Sunday, September 14, 2008

Madeline Tobias Comes Home

The article below was published in the Joplin Globe on September 9, 1946. The headline read: “Abducted child reunited with mother, father.” It’s a feel-good story with a strange twist, but gives some insight into what was questionably a more innocent era. I’ve published the article in its entirety.

Terre Haute, Indiana, Sept 9, 1946 — A four-day search for 3-year-old Madeline Tobias ended when the brown-eyed little blonde was found in a humble home here today and she was restored this afternoon to her parents, Mr. and Mrs. Philip Tobias of Kansas City.

Shortly after Madeline was found police took into custody 22-year-old Mildred Louise Everett, a former inmate of the Ohio Girls' industrial school at Delaware, Ohio. FBI agents from Indianapolis took charge of the young woman and said a federal kidnapping charge had been filed against her in Kansas City.

Robert Vance, chief of detectives, said Mildred admitted taking the child from the Tobias home in which she had been employed as a maid and gave as her only excuse: "I loved the little girl and wanted her for my own."

Hitch-Hiked Rides

At Massilon, Ohio, Mildred's mother, said: "Mildred just loved children. She never had any of her own and that is probably why she took the Tobias child. She has never harmed any one, and I'm sure she would not."

Vance said little "Toby" apparently suffered no ill effects and no harm during the four days' absence from her home, although Mildred told of making the trip from Kansas City to Terre Haute by hitch-hiking and of sleeping one night in a fence corner.

This was the reunion scene: "Toby," freshly scrubbed at the Friendly Inn, a Terre Haute home for transients, was dressed in a pink pinafore provided by police. A pink ribbon was tied in her blonde tresses.

She was then taken to the office of Police Chief Forest Braden where she sat on the officer's desk, swinging her tiny feet.

Sped From Airport

The parents sped from the airport early this afternoon and were ushered into Braden's office.

Mrs. Tobias rushed to the desk and grabbed her daughter sobbing: "My baby, my baby. Are you all right? Are you all right?" "I am. They didn't beat me or slap me or anything," the child replied.

Then Mrs. Tobias sank into a chair. Meanwhile the father, beaming with joy, first patted the child and then comforted the distraught mother.

The family left Terre Haute in their chartered plane at 5:30 p. m. on the return trip to Kansas City.

Vance said the accused woman talked freely, describing herself as "one-eighth Creole" and telling of her incarceration in the Ohio industrial school; of two marriages, the first to her step-brother, John William Baker of Zoar, Ohio, and the second to Carl L. Taddley of Salina, Kansas. Neither marriage had been dissolved by divorce, Vance said the young woman told him.

Picture Led to "Break"

The "break" in the kidnapping case came this morning when Omer Funkhouser, who lives at the town of Barnhart near Terre Haute, walked into Chief Vance's office carrying a newspaper picture of Toby. "If I’m not mistaken this little girl has been at my home," he told Vance.

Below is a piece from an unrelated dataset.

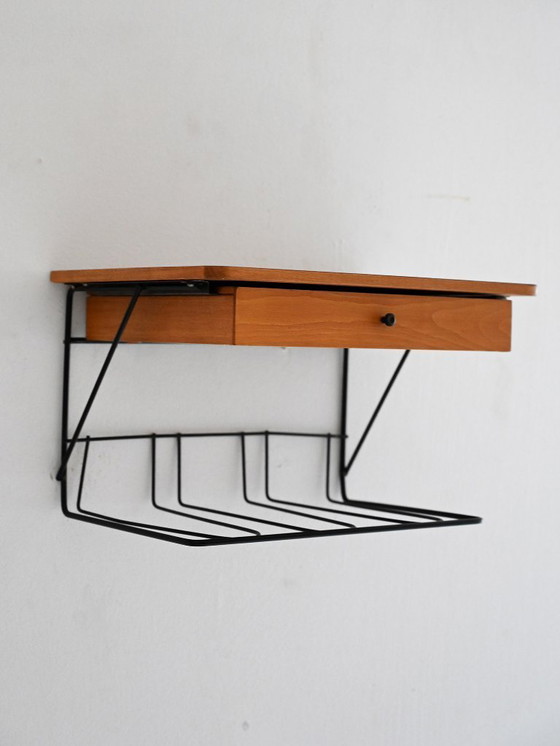 Image 1 of Table de chevet murale scandinave en teck et métal noir, années 1960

Officers took a look at the little girl and were convinced she was the missing child.

Funkhouser said he had been visiting his mother, Mrs. Mayme Fraizer, in Terre Haute Saturday. There was a little girl there he admired and a woman, who said she was the child's mother, offered to give the child away, saying she was unable to support it.

Funkhouser took the child to his home. He said the woman came to his home Sunday and sought to reclaim the child, but the little girl cried and the woman left.

Vance said that Mildred and "Toby" arrived in Terre Haute Friday night while the nation-wide search for the child was on.

Given Lodging

Vance said Mildred made application for assistance at the Goodwill Industries, a charitable institution, and was given overnight lodging by Mrs. Clova Moore. Mildred, through the institution, obtained employment as a housekeeper in the home of Ben Bailey, next door to the Frazier home. Bailey is the father of seven children, whose mother left home several weeks ago.

Vance said that after recovering Toby, officers went to the Bailey home and found Mildred there. They brought her to police headquarters and soon had her story.

Tobias, a former service man, with an overseas record, said he planned to return to Kansas City as soon as possible with his wife and child. He is employed by a mail company.